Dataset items

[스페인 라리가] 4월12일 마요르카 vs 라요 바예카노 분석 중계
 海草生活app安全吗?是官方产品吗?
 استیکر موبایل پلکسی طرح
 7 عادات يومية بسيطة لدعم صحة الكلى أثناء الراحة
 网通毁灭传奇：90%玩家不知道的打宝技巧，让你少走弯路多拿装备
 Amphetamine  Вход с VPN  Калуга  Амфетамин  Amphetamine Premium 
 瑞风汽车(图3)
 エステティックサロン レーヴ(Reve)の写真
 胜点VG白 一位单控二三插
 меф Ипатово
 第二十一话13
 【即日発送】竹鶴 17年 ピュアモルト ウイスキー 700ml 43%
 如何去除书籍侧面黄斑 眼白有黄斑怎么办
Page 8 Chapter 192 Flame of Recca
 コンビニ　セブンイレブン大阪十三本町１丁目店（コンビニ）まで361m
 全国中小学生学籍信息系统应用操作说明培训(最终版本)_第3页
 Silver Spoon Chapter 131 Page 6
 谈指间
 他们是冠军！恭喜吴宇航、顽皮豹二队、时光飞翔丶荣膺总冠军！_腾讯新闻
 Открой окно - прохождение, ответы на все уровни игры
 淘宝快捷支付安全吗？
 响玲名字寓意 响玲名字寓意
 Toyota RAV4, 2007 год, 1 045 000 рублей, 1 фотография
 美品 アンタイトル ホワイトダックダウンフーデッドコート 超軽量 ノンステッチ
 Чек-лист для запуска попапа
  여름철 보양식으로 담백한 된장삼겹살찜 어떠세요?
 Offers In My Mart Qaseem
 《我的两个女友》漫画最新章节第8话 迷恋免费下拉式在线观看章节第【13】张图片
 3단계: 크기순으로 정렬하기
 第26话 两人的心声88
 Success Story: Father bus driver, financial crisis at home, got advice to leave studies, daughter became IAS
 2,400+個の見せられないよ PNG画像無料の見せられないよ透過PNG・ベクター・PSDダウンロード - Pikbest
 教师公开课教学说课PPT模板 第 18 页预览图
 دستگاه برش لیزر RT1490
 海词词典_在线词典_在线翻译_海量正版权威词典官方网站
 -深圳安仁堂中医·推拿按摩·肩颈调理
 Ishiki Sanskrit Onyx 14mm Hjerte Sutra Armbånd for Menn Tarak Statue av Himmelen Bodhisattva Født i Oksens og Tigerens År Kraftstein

### What you need to do
Nothing but an exact copy of the lines from the start of the entries through the line containing "3단계: 크기순으로 정렬하기" belongs in the response.

### Task output
[스페인 라리가] 4월12일 마요르카 vs 라요 바예카노 분석 중계
 海草生活app安全吗?是官方产品吗?
 استیکر موبایل پلکسی طرح
 7 عادات يومية بسيطة لدعم صحة الكلى أثناء الراحة
 网通毁灭传奇：90%玩家不知道的打宝技巧，让你少走弯路多拿装备
 Amphetamine  Вход с VPN  Калуга  Амфетамин  Amphetamine Premium 
 瑞风汽车(图3)
 エステティックサロン レーヴ(Reve)の写真
 胜点VG白 一位单控二三插
 меф Ипатово
 第二十一话13
 【即日発送】竹鶴 17年 ピュアモルト ウイスキー 700ml 43%
 如何去除书籍侧面黄斑 眼白有黄斑怎么办
Page 8 Chapter 192 Flame of Recca
 コンビニ　セブンイレブン大阪十三本町１丁目店（コンビニ）まで361m
 全国中小学生学籍信息系统应用操作说明培训(最终版本)_第3页
 Silver Spoon Chapter 131 Page 6
 谈指间
 他们是冠军！恭喜吴宇航、顽皮豹二队、时光飞翔丶荣膺总冠军！_腾讯新闻
 Открой окно - прохождение, ответы на все уровни игры
 淘宝快捷支付安全吗？
 响玲名字寓意 响玲名字寓意
 Toyota RAV4, 2007 год, 1 045 000 рублей, 1 фотография
 美品 アンタイトル ホワイトダックダウンフーデッドコート 超軽量 ノンステッチ
 Чек-лист для запуска попапа
  여름철 보양식으로 담백한 된장삼겹살찜 어떠세요?
 Offers In My Mart Qaseem
 《我的两个女友》漫画最新章节第8话 迷恋免费下拉式在线观看章节第【13】张图片
 3단계: 크기순으로 정렬하기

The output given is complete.